In the first post, I explained the context in which colorism developed, in other words, a colonialist context based on slavery, from which emerged color prejudice, a racist system that segregated and discriminated against black people. I’ve also clarified the words I’m going to use to analyze the impact of colorism on life opportunities.

In posts 2, 3 and 4, I take a closer look at the impact of colorism on people reduced to the status of slaves. I approach this from a statistical angle, which sometimes makes things a little indigestible to read (the statistical passages are shifted to the margins), but it also serves as a reminder that we’re not talking about an anecdotal phenomenon. The prevalence of colorism is measurable in 18th-century society.

This week, we continue our series on colorism with episode 2, in which I take a closer look at the possibilities of manumission.

Differentiated access to freedom: when an enslaved person’s skin was lighter, the chances of freedom increased

The proportion of people destined for manumission was correlated with phenotype. The lighter the skin tone, the more likely they were to be freed. Thus, the majority of enslaved people destined for manumission were of mixed-race, as was the composition of free people of color. Historian Frédéric Régent has written a very clear article on this subject for Guadeloupe.

Based on a sample of 2,248 people from Basse-Terre between 1789 and 1792, he uses notarial archives to draw up a table showing the situation. The table shows that only 4% of non-mixed black people and 4% of mixed-race black people were free, while the proportion rose to 36% for « mulatto » people, and over 70% for light mixed-race people. In another table, he calculates the proportion of slaves destined for manumission. Of 1973 people reduced to slave status, 2% (30 people) were destined for manumission. But when he takes into account the criterion of « color », he observes a clear difference. Of all non-mixed black people, only 1% were destined for manumission; it was 3% for mixed-race black people, 5% for « mulattoes », but nearly 20% for light mixed-race people!

What about Martinique? I don’t have a database to make a strict comparison with Frédéric Régent’s data, but the trends are the same on two databases I know well. I looked at my thesis database on free people (based on over 30,000 baptism, marriage and death records from the 17th-18th centuries). In the group of free people of color, mixed-race children and adults are in the majority.
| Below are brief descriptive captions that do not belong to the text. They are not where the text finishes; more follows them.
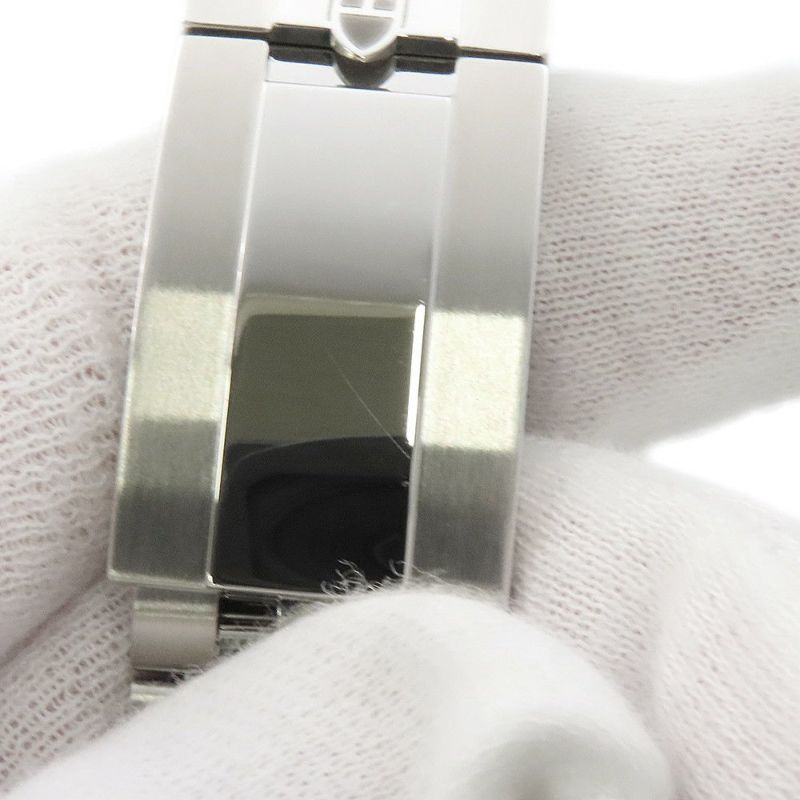 チュードル ブラックベイ M79000-0001 TUDOR 腕時計 チューダー ラグーンブルー文字盤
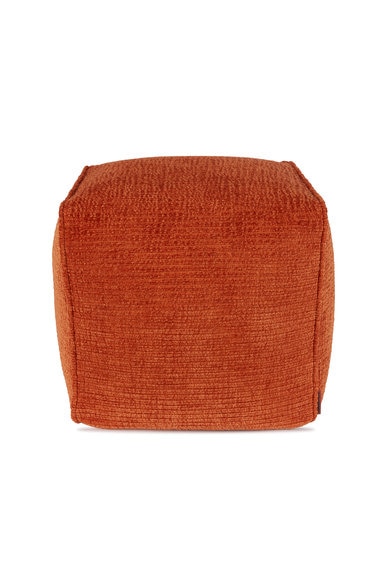 Cubo Soft pouffe 43x43x43 cm, BARACOA 59 - 1A4LV00100B118
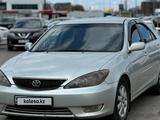 Toyota Camry 2005 года за 4 650 000 тг. в Караганда – фото 2
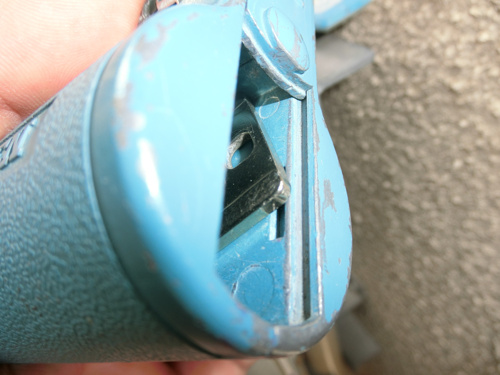 お部屋の内見後の出来事。の画像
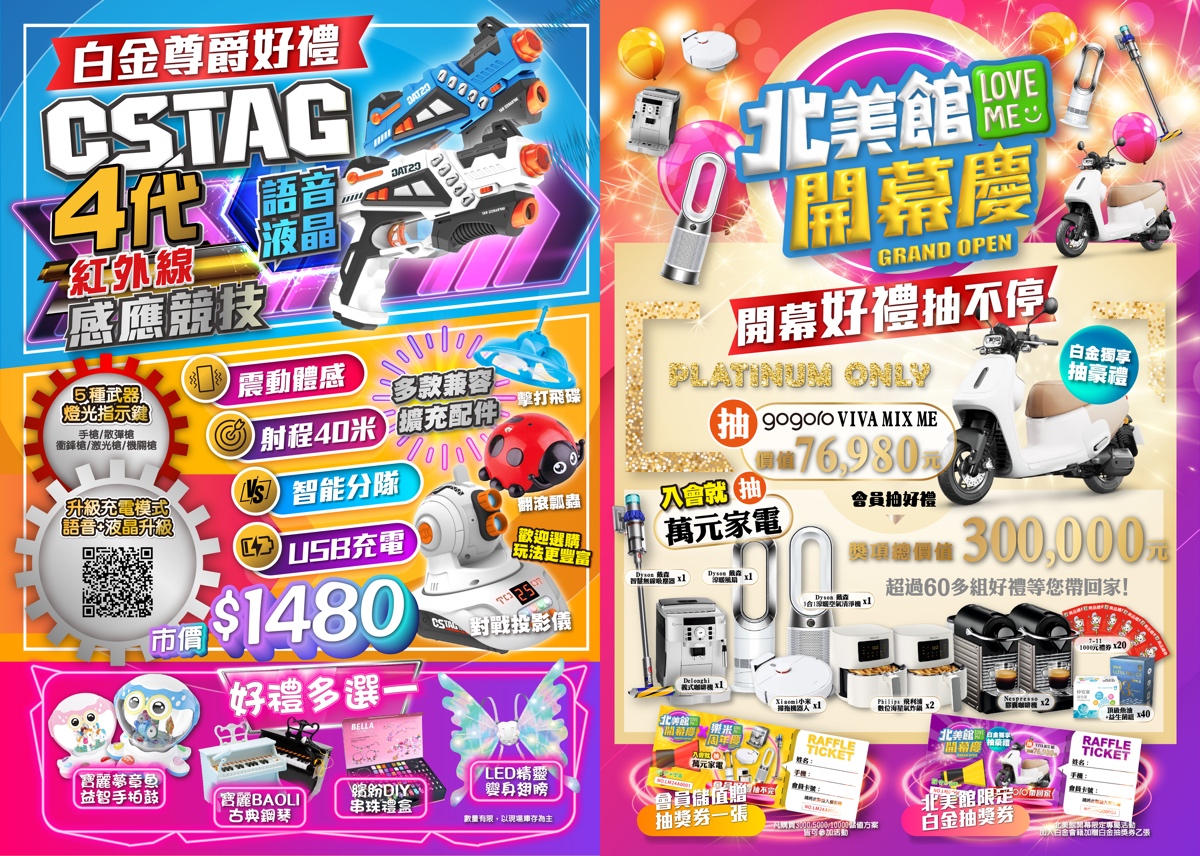 台北室內樂園｜新店樂米樂園北美館：裕隆城450坪質感親子樂園，放電雨天室內景點 @兔兒毛毛姊妹花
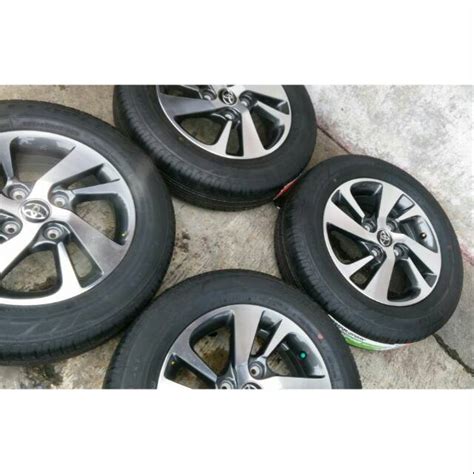 Jual Velg Avanza Veloz Ban Shopee Indonesia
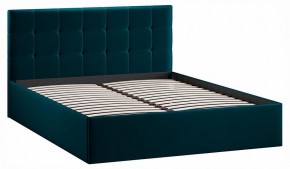 Кровать двуспальная Джоли Тип 1 в Сысерти - sysert.ok-mebel.com | фото 2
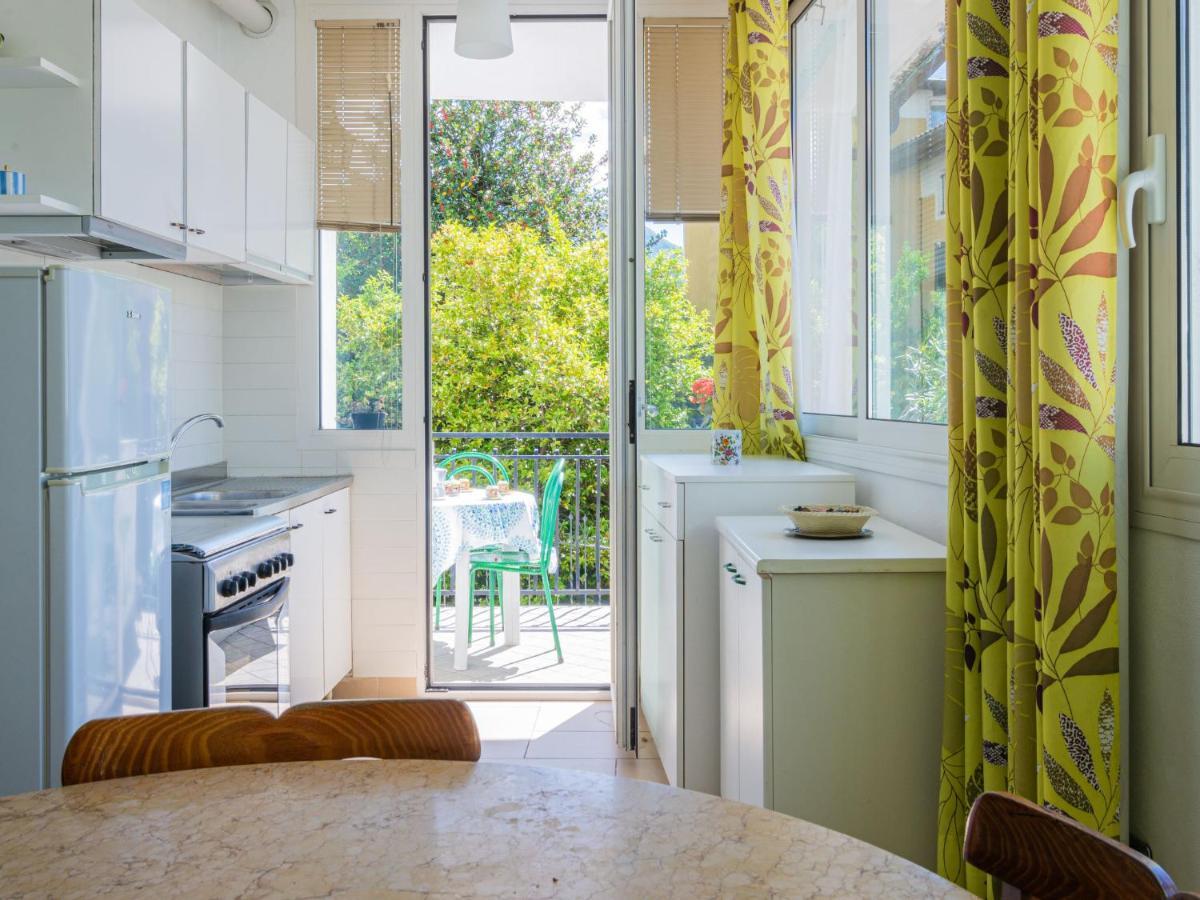 Apartment Elisabetta - Gla115 By Interhome 杰拉拉廖 外观 照片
Some 990 baptismal certificates specify a « color » for the baptized child. The distribution is as follows: 8% non-mixed black, 5% mixed-race black, 41% « mulatto », 46% light mixed-race. If we look at the people who died, we can see the ethno-racial category for 1,128 of them. 31% non-mixed black, 4% mixed-race black, 43% « mulatto », 21% light mixed-race.

I also looked at the « Esclavage en Martinique » database, which essentially covers the period 1775-1800. This time, among the people enslaved, black non-mixed people are the most numerous and light mixed people the least.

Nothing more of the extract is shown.